Draft and deliver your own 30- to 60-second elevator speech championing healthy data privacy habits online, learning about privacy.
Can you quickly explain why privacy matters to a skeptical friend? Draft and hone your message about the importance of online privacy.
Drafting the pitch
Do you have a passion for privacy, but your friends or family just don't get it? Do you wish you could educate them without talking their ear off?
Research shows that the majority of Americans have been giving up their data for two reasons - either they don't know they have a choice or they are resigned to it. Spend a few minutes trying to change their mind.
Take a look at these ideas and see if any would resonate with your audience. Use these ideas as prompts to compose an offline elevator speech pitching strong privacy habits or compose your speech online as something like an audio recording or slide deck to share widely with others.
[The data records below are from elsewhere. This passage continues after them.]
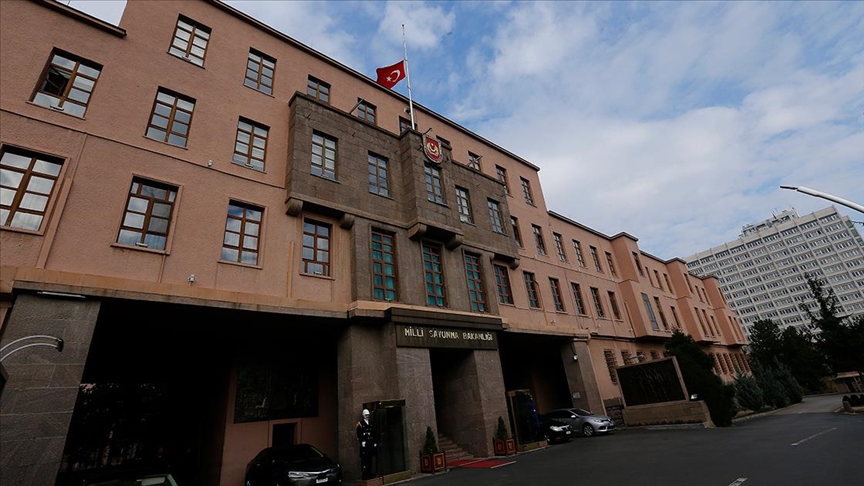 Milli Savunma Bakanlığı: ABD Büyükelçisi, Gara katliamından terör örgütü PKK'yı sorumlu tuttuklarını teyit etti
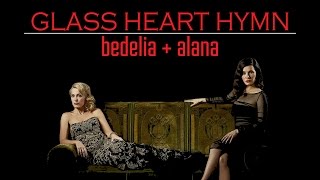 Download lagu glass heart hymn || alana & bedelia [hannibal au] mp3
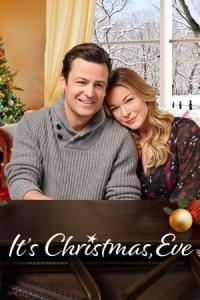It's Christmas, Eve (2018) poster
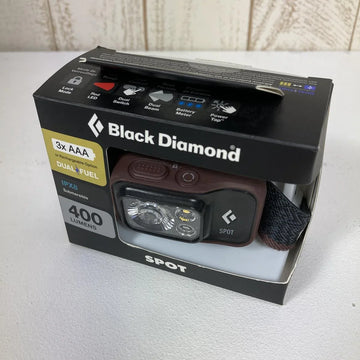 【OneSize ブラウン系】Black Diamond ( ブラックダイヤモンド ) スポット 400 Spot 400 ヘッドランプ 400ルーメン BD81308 ヘッドランプ ライティングギア - 【公式】2ndGEAR（セカンドギア）Webショップ【登山用品・アウトドア用品専門 買取販売店】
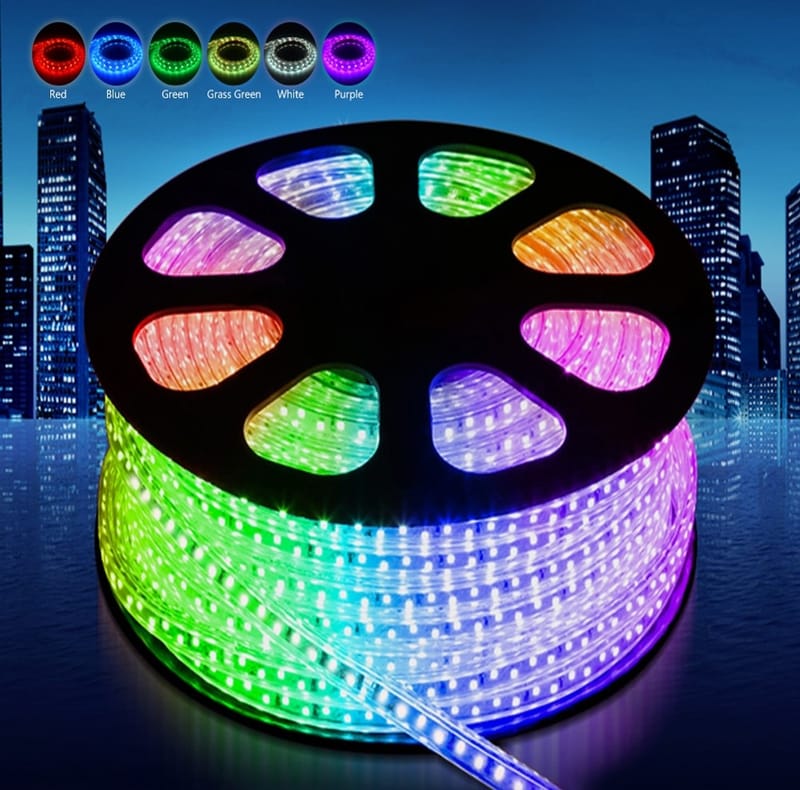 Saba 5050 RGB LED Strip Light Saba Japan Lighting Products and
Feel free to remix what's here or to come up with an idea of your own.
Try to craft a crisp, 30-60 second message that you think will help others understand Internet privacy issues and strong privacy habits online.
- Just because you have nothing to say, doesn't mean free speech isn't important.
- Similarly, just because you have nothing to hide doesn't mean privacy isn't important.
- Two words: DATA PERMANENCE.
- “The end of privacy is the end of second chances.” - Larry Ponemon
- What you post may be readily accessible years later when you apply for jobs or grad school (photos, comments in chat rooms, etc.).
- Think about whether what you post on sensitive issues may define you long after you have changed your views.
- What you do today is recorded and stored with no expiration date and no “erase” button.
- “If you’re getting something for free, you’re paying for it in some way.” - Technologist Julia Angwin
- Put another way, “If you’re not paying for it, you’re not the customer. You’re the product being sold."
- Privacy is like wearing a seatbelt.
Rehearse and share
Practice your pitch outloud, in the mirror, or on your computer. Try to revise it until it seems natural, sharp, and persuasive. Share your speech whenever you have the chance to teach others how to safely participate on the Web!